Quando a Alma pergunta...

sexta-feira, 12 de setembro de 2014

Mude! Mesmo que doa...



Todos nós temos um conjunto de hábitos, crenças, valores, uma atitude, enfim, que está sempre se modificando. Toda vez que esse movimento nos traz algum tipo de dor ou desconforto, é hora de mudar. Mudar de atitude, mudar a postura diante da vida, a maneira de ver ou fazer. Mas o medo da mudança faz com que nos adaptemos à situação de desconforto para que tudo continue como antes, gerando assim toda sorte de descompasso.
Quando tomamos consciência da necessidade de mudança, parte da nossa experiência será queimar estoques de ideias que não são mais uteis. Teremos, assim, de viver um longo período de luto e luta na perda de tais mecanismos ou os transformaríamos em "uma massa flutuante, um monte inconsciente de virtualidades impessoais, um banco de nuvem sombrio prestes a derramar-se em uma chuva de dor sobre aqueles que não sabem reconhecê-la". O novo produz tanta ansiedade como o velho; mesmo costurado na dor, assenta melhor do que a roupa nova com tudo o que ela pode sugerir.
Mudanças são necessárias, mas precisam de transição para que as aceitemos. Conta-se que, num reino de guerra, havia um monarca que causava espanto. Cada vez que fazia prisioneiros, não os matava, mas os levava a uma sala onde havia um grupo de arqueiros em um canto e uma imensa porta de ferro no outro lado, e que nessa porta havia gravuras de caveiras cobertas com sangue. Então o rei fazia que eles ficassem em círculos e dizia: "Vocês podem escolher: morrer flechados por meus arqueiros, ou passar por aquela porta e suportar o que lá encontrarem.
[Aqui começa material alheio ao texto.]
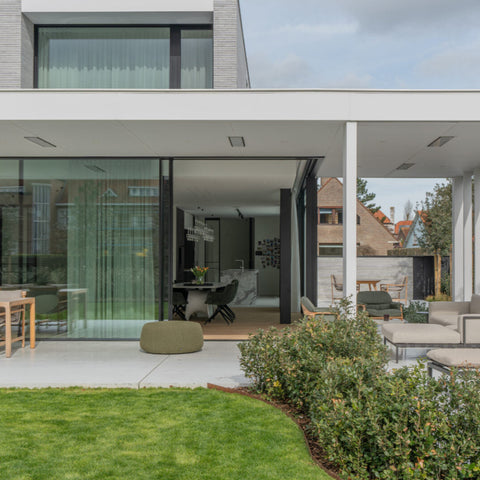 Image of Bromic Heating 33" Platinum Smart-Heat Electric Outdoor Patio Heater 2300W 220-240V White - BH0320007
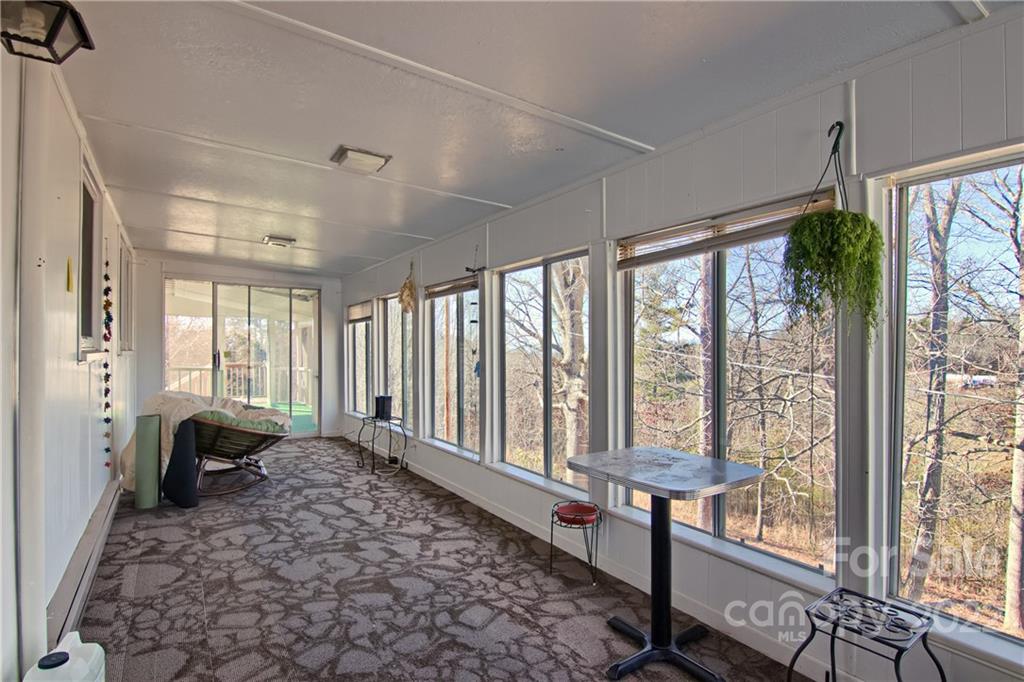 601 Mountain View Road
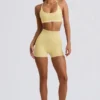 Shorts senza cuciture Super Sculpt in giallo burro Shorts senza cuciture Super Sculpt in giallo burro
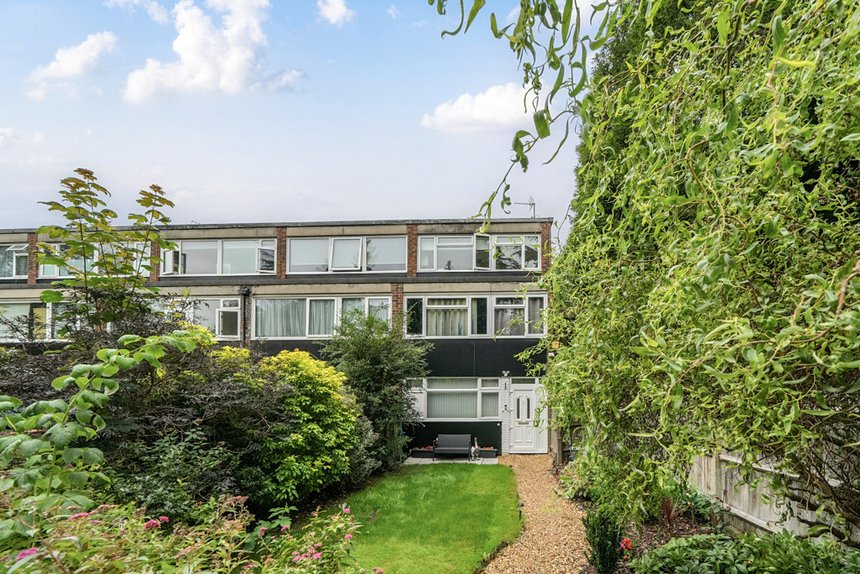 for sale leaf close london 34995 - Gibbs Gillespie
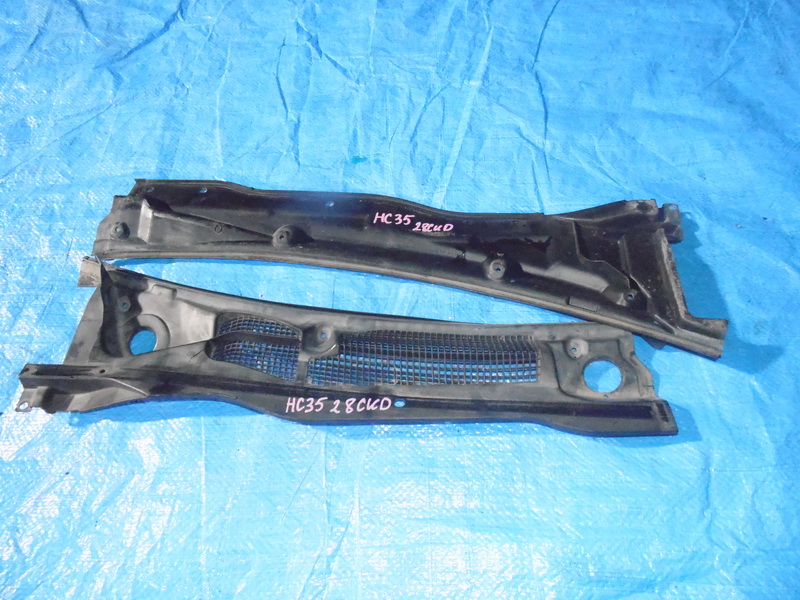 Решетка под лобовое стекло Nissan Laurel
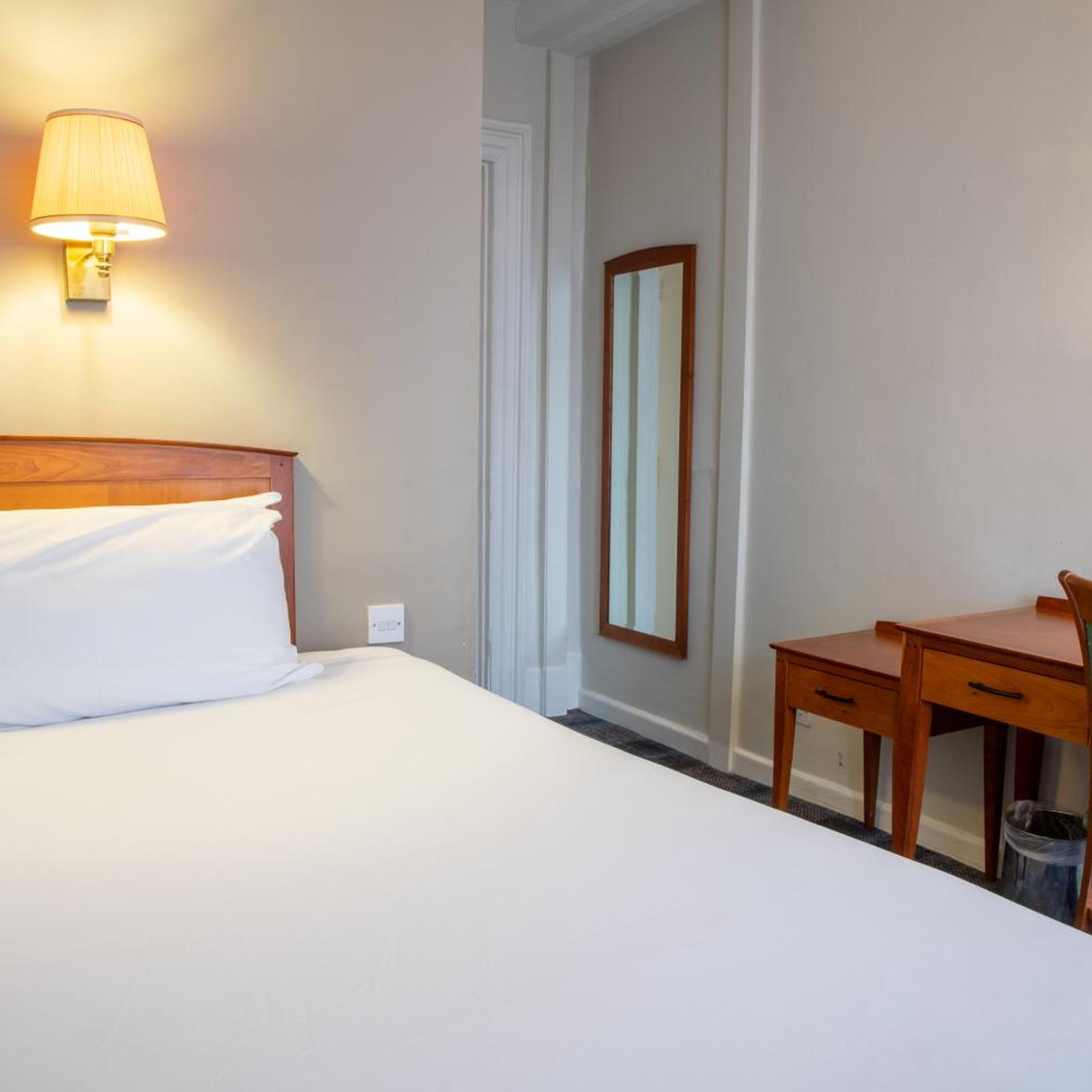 ROOM, SINGLE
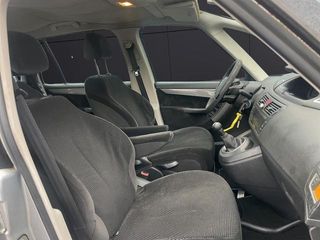 Citroen Grand C4 Picasso 1.6 HDI SX 80 kW (110 CV)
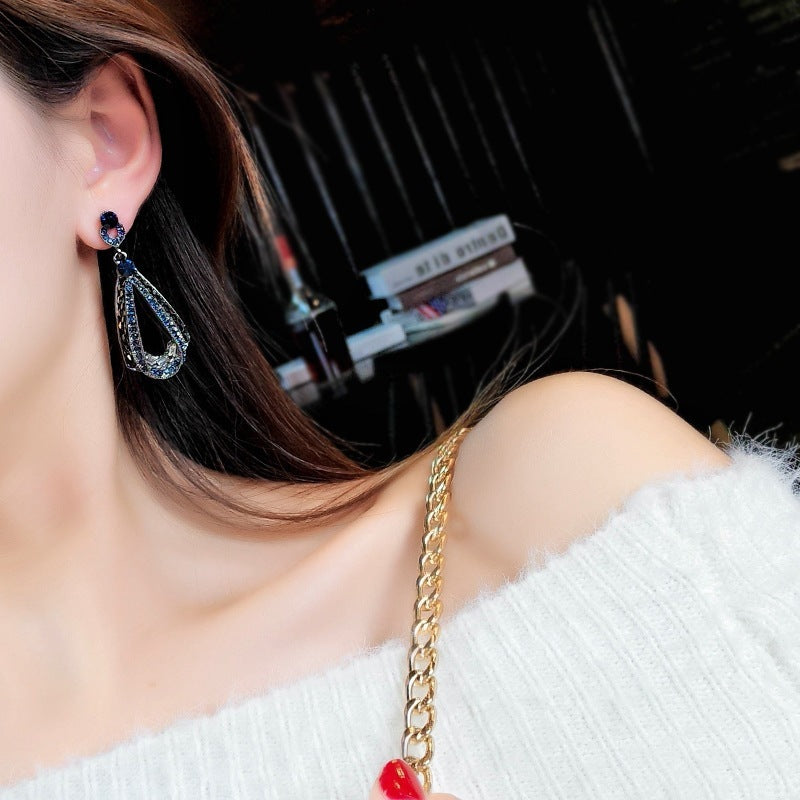 Retro Diamond Water Drop Gold Stud Earrings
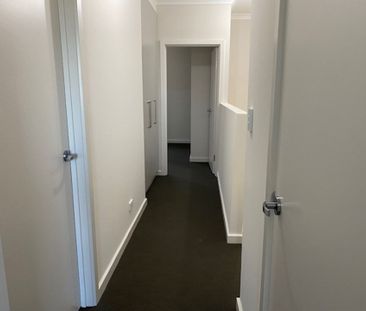 Modern 3 Bedroom Townhouse - Photo 2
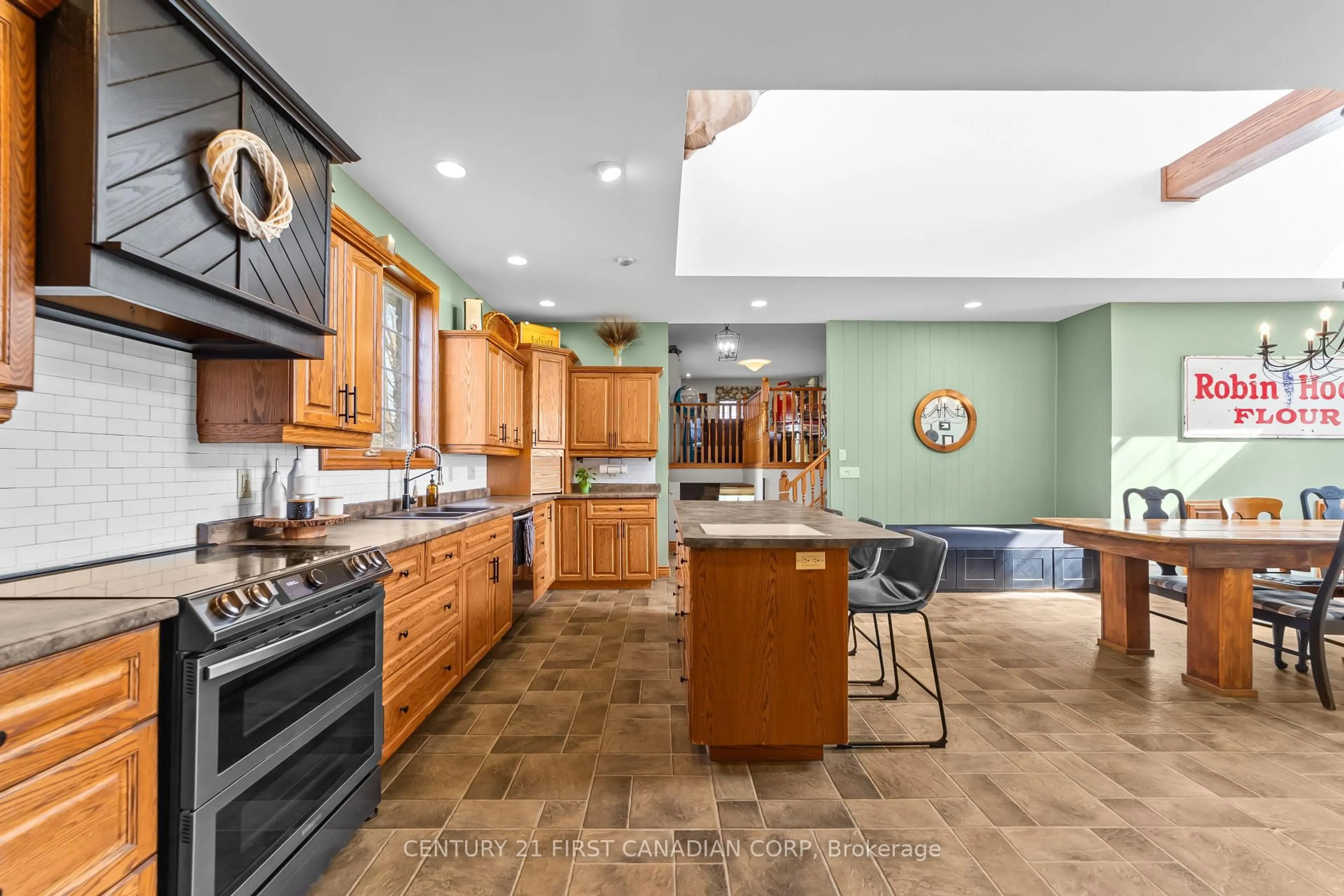Open concept kitchen, ceramic/tile floor for 5291 Mount Carmel Dr, North Middlesex Ontario N0M 2J0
Todos os que por ali passaram escolheram morrer pelas mãos dos arqueiros". Ao término da guerra, um soldado que por muito tempo havia servido ao rei inquiriu-lhe sobre tal porta, ao que o rei respondeu-lhe: "Vá e veja". O soldado abriu vagarosamente a porta, cheio de receios, e deparou com raios de sol, um jardim magnífico e a liberdade.
Quantas portas nós temos deixado de abrir?
Vamos refletir...

(Texto extraído do livro: A sombra não assombra de Miriam Salete)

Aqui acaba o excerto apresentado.